The Chief Warlock nodded grimly. "I must admit, I should be hard pressed to think of a single way in which the situation might be made more complex, but—"

He was interrupted by a frantic knock on the door, which Penderghast threw open half a second later, holding a sheet of paper at arm's length, as though it might burst into flame at any moment.

"What is the meaning of this?" Bartemius snapped, over the boy's incoherent stuttering.

"It— This— It was in the post — the muggle post! I— You should— I thought you'd want to see it, sir. Both of you." He halted at the edge of the desk, the page wavering between the two of them, as though he wasn't quite certain which of them he ought to give it to.

Dumbledore snatched it from his hand before Bartemius could order him to give it over. With a single final, fearful glance at the thing, Penderghast fled. Dumbledore, meanwhile, appeared to be transfixed.

"Well?" Bartemius demanded. "What is it?"

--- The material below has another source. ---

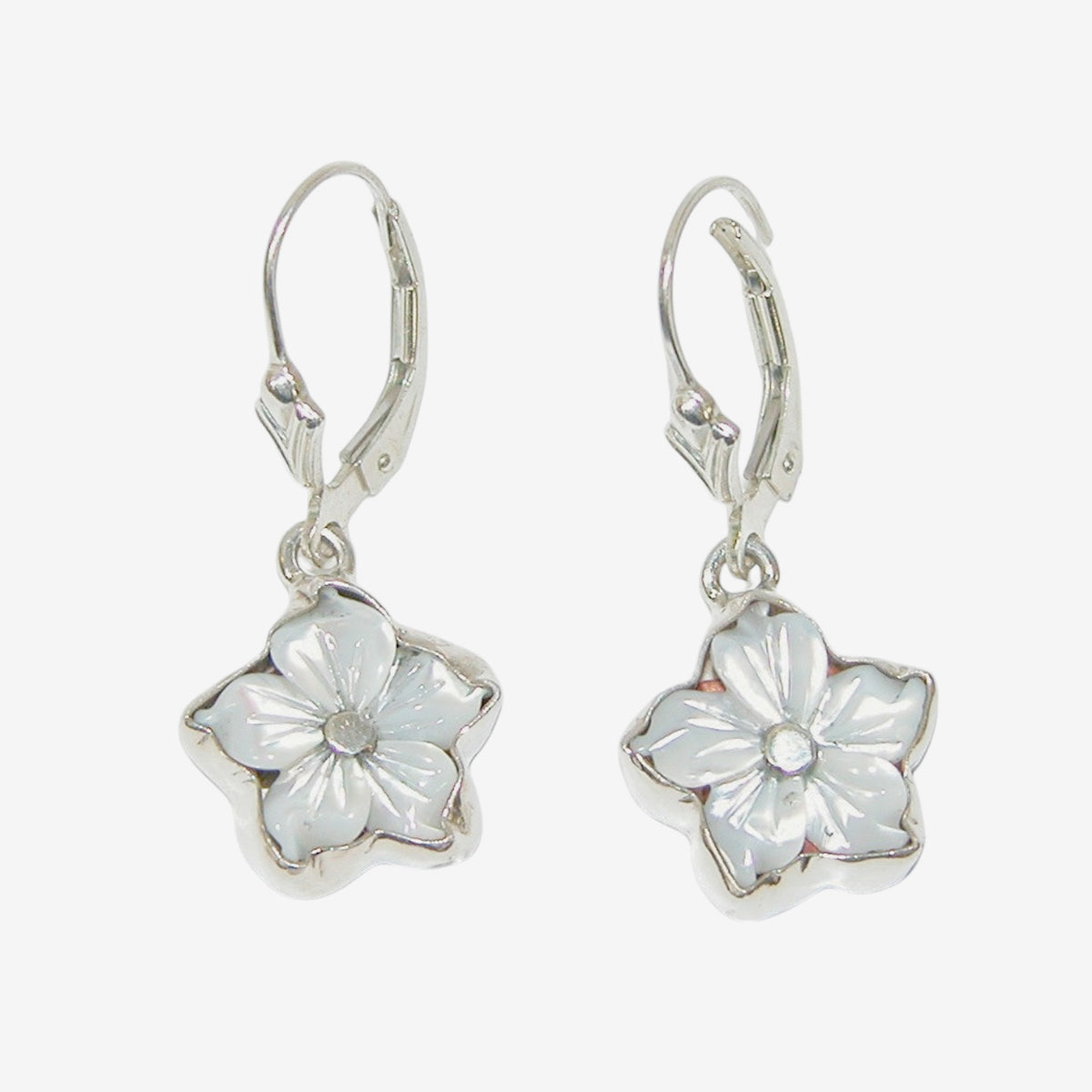 39676 Mother of Pearl Flower Earrings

"...but I dare say that– that insane, loathsome little girl will find a way to manage it," he said, sounding strangely distant, as though in shock, perhaps. After another second he managed to tear his eyes from the letter, meeting Bartemius's with an expression of horror. "I believe this is precisely the sort of situation in which we should be described in common parlance as completely fucked."

"What is it?" Bartemius repeated.

Dumbledore let the letter fall to the desk in front of him. "I believe you will find, Bartemius, that the fourth mystery judge is, in fact, not the least of your problems."

Bartemius, who had just managed to make it through the letterhead (Miskatonic University — College of Art and Design, Office of the Dean), nodded dumbly, the most relevant sentence drawing his eye as though written in red, despite, in fact, having been plainly typed on simple muggle stationary, the text no different from any other word there.

The University is pleased to accept Lady Black's invitation on behalf of the British Wizengamot to send a representative to serve as a judge in the revival of the Triwizard Tournament, to be held this year at Hogwarts School of Witchcraft and Wizardry...

They were, indeed, completely fucked.


Crouch's assistant Penderghast is not the same Penderghast who keeps annoying Dora, but they're certainly closely related.

Yes, Lyra did write every one of her invitations in a different language, because she was manic and if she's going to do that whole proper treaty obligation thing, might as well be polite about it, extend the invitation in the recipient's native language:

Irish - Gaelic

Crown - English

ICW - French

Miskatonic - English with American spellings

Lovegood - Welsh

Flamel - Old French

It can be reasonably assumed that the vast majority of every-day citizens don't realise that it's a treaty requirement for the magical community to invite muggle authorities to send a representative to witness diplomatic events like the Tournament which are held on the land they share, and the Ministry obviously has quite a lot of influence with the mainstream media in Magical Britain. Which means that yes, if shit hits the fan, it's perfectly possible that Dumbledore could convince the public that Lyra was out of line in inviting them, and the Wizengamot that he wouldn't have invited them himself. (Or at least, he could have done before the Harry Potter is (Not?) Dead scandal.) The Wizengamot, like Crouch, would likely suspect that he asked her to do it. They'd just be all too happy to pin the blame on her because the House of Black is a menace, and the Noble Houses know this better than anyone.

Barty Crouch's wife doesn't have a name in canon, so now she's Katherine.